Food became a secondary interest for Chittum when she left New York to study government and international relations at Clark University in Worcester, Massachusetts. Upon her graduation in 1994, Chittum moved to Washington, D.C., to work for former New York State Senator Daniel Patrick Moynihan. During her four years working on Capitol Hill, Chittum developed a particular interest in fighting poverty and hunger, which led her to her next job working for Share our Strength, a national non-profit organization dedicated to ending childhood hunger. SOS introduced Chittum to some of the most influential chefs in the United States, and inspired Chittum to revisit her longtime passion for cooking.

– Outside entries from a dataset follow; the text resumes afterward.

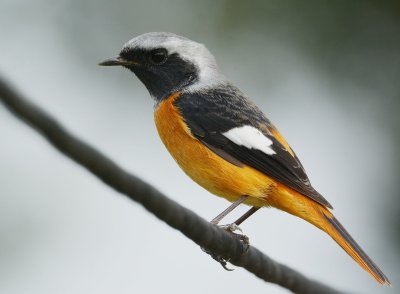 daurian_redstart_2013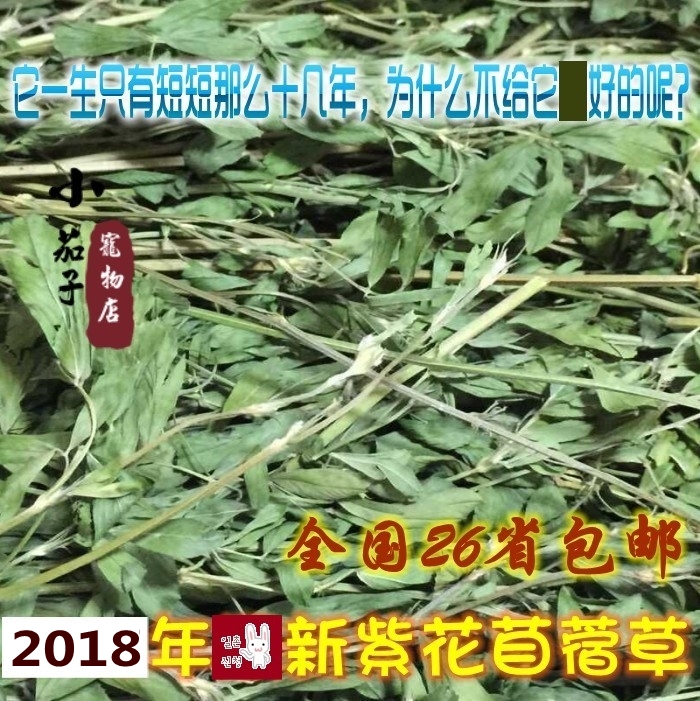 全国包邮 2018年紫花苜蓿草干草 兔子龙猫荷兰猪粮草 毛重1kg/箱|ruв категории животное/Животное питание и принадлежностей, зайцеобразные и принадлежностей, сено - от Buy2taobao.com для оказания профессиональной услуги покупки агента Taobao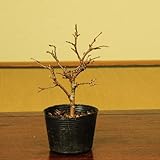 苗：富士桜(湖上の舞)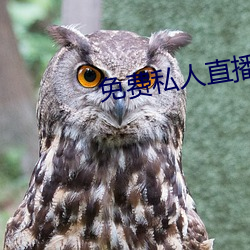 免费私人直播间哔哩哔哩 暴内陵外）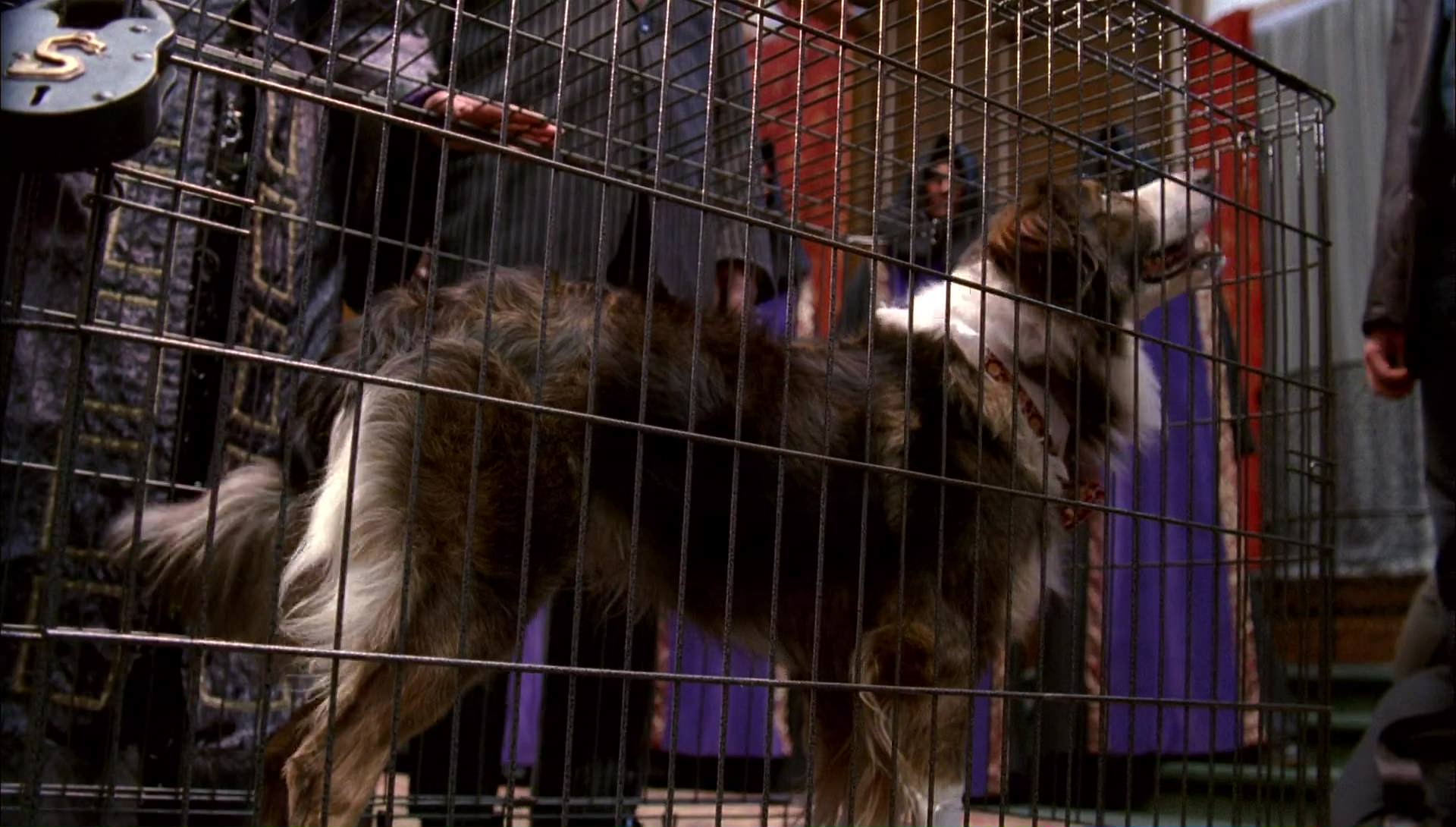 Return to Halloweentown (2006) movie still 10033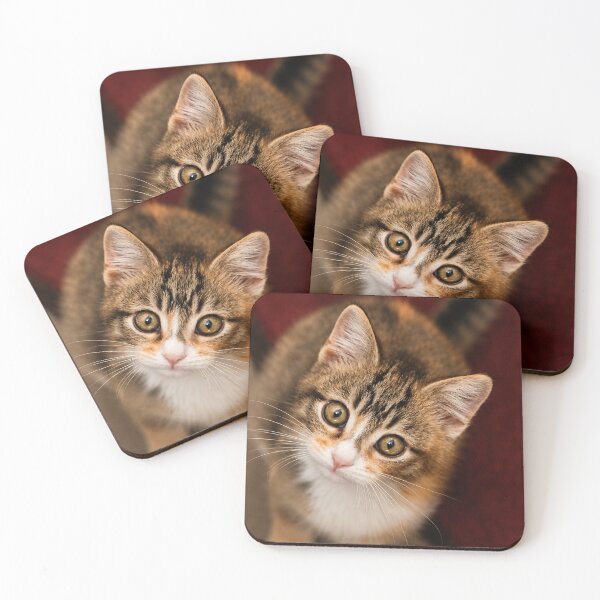 Item preview, Curious Kitten with wide-eyed Gaze designed and sold by Kimberly Palmer.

In 2001, Chittum enrolled in the Fundamentals of Pastry Arts program at L'Academie de Cuisine in Gaithersburg, Maryland, and began working alongside Equinox's acclaimed Pastry Chef Lisa Scruggs. Three years later, Chittum was appointed Pastry Chef for Potomac Restaurant Group's Circle Bistro, Dish and, soon after, Notti Bianchi, which opened in May 2005.

In November 2005, Chittum was tapped as Pastry Chef of acclaimed Chef Michel Richard's Citronelle restaurant, working under the mentorship of Chef Richard, who himself spent fifteen years as a Pastry Chef. The Restaurant Association of Metropolitan Washington duly recognized Chittum's fast-growing prestige when she was nominated three years in a row for the Pastry Chef of the Year award which she went on to win in 2008. In May 2006, Chittum returned to her position as Pastry Chef at Dish and Notti Bianchi, and Circle Bistro.

In March 2007, Chittum left Potomac Restaurant Group to take on a new challenge, Pastry Chef of Pure Hospitality's Hook Restaurant in Georgetown. Chittum develops the restaurant's desserts which mirror Pure's dedication to sustainability and locally grown produce. With a platform that embraces her methodology of purity through ingredients, Chittum concludes guests' meals with decadent, flavorful delights such as a Lingonberry Linzertorte with Tallegio Ice Cream and Port Wine Reduction, Buttermilk Panna Cotta with Local Cherries and Pistachio Biscotti, Carrot Cake with Cr?me Fraiche Sorbet and the Bittersweet Chocolate Cake. Her love of ice cream shines through with flavors ranging from Gorgonzola Dolce, Lavender Honey, Black Pepper, and Concord Grape, Frozen Yogurt Mousse Granola with red currants and raspberries.

Chittum's new venture not only provides a strong platform for her desserts to shine, but also gives her the room to grow and hone her skills for future Pure Hospitality projects.